This book defines engagement for the field of language learning and contextualizes it within existing work on the psychology of language learning and teaching. Chapters address broad substantive questions concerned with what engagement is or looks like, and how it can be theorized for the language classroom; methodological questions related to the design, measurement and analysis of engagement in language classrooms and beyond; as well as applied issues examining its antecedents, factors inhibiting and enhancing it, and conditions fostering the re-engagement of language learners who have become disengaged. Through a mix of conceptual and empirical chapters, the book explores similarities and differences between motivation and engagement and addresses questions of whether, how and why learners actually do exert effort, allocate attention, participate and become involved in tangible language learning and use. It will serve as an authoritative benchmark for future theoretical and empirical research into engagement within the classroom and beyond, and will be of interest to anyone wishing to understand the unique insights and contributions the topic of engagement can make to language learning and teaching.

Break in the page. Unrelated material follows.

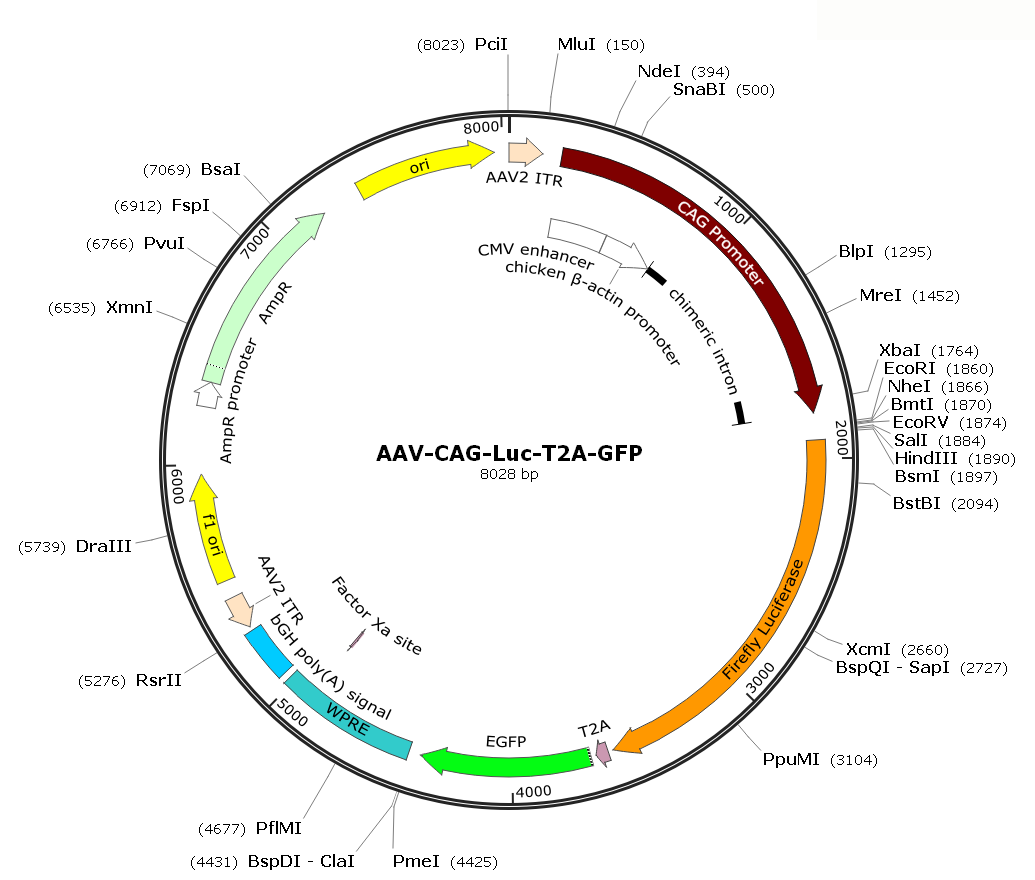 Pre-made recombinant AAV; AAV-CAG-Luc-T2A-GFP; AAV2-CAG-Luc-T2A-GFP; AAV-CBA-Luc-T2A-GFP; AAV2-CBA-Luc-T2A-GFP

Phil Hiver is an Assistant Professor at Florida State University, USA. His research interests include instructed language learning and the role of psycho-social factors in second language teaching and learning.

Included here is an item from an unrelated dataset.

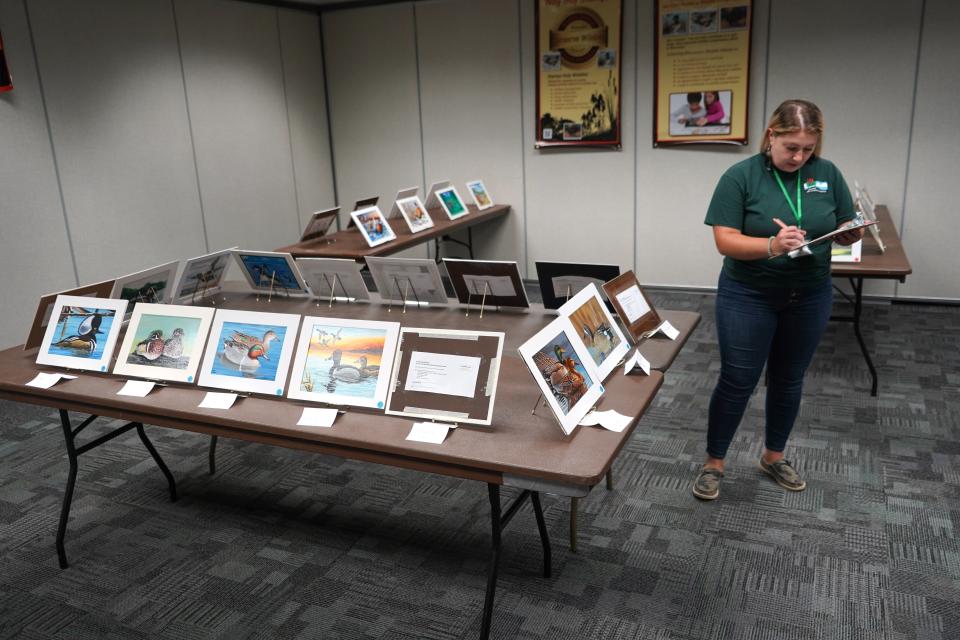 Alissa Kakatsch of the Department of Natural Resources tabulates scores during judging in the 2024 Wisconsin wildlife stamp contests.   Judging for the state ring-necked pheasant, waterfowl and wild turkey stamps was held Aug. 26 at the Waterfowl Hunters Expo in Oshkosh.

Dr. Ali H. Al-Hoorie is an assistant professor at the English Language Institute, Education Sector, Royal Commission for Jubail and Yanbu, Saudi Arabia. He completed his PhD degree at the University of Nottingham under the supervision of Professors Zoltán Dörnyei and Norbert Schmitt. He also holds an MA in Social Science Data Analysis from Essex University. His research interests include motivation theory, research methodology, and complexity. His publications have appeared in a number of journals including Language Learning, The Modern Language Journal, Studies in Second Language Acquisition, ELT J, Language Teaching Research, and Learning and Individual Differences. He is also the co-author (with Phil Hiver) of the upcoming book Research Methods for Complexity in Applied Linguistics and a co-editor (with Peter D. MacIntyre) of Contemporary Language Motivation Theory: 60 Years Since Gardner and Lambert (1959).
Sarah Mercer is Professor and Head of the ELT Research and Methodology Department at the University of Graz, Austria. Her research interests lie in all aspects of language learning psychology (teacher and learner perspectives), in particular in self-related constructs, engagement, agency, affect, belief systems and wellbeing.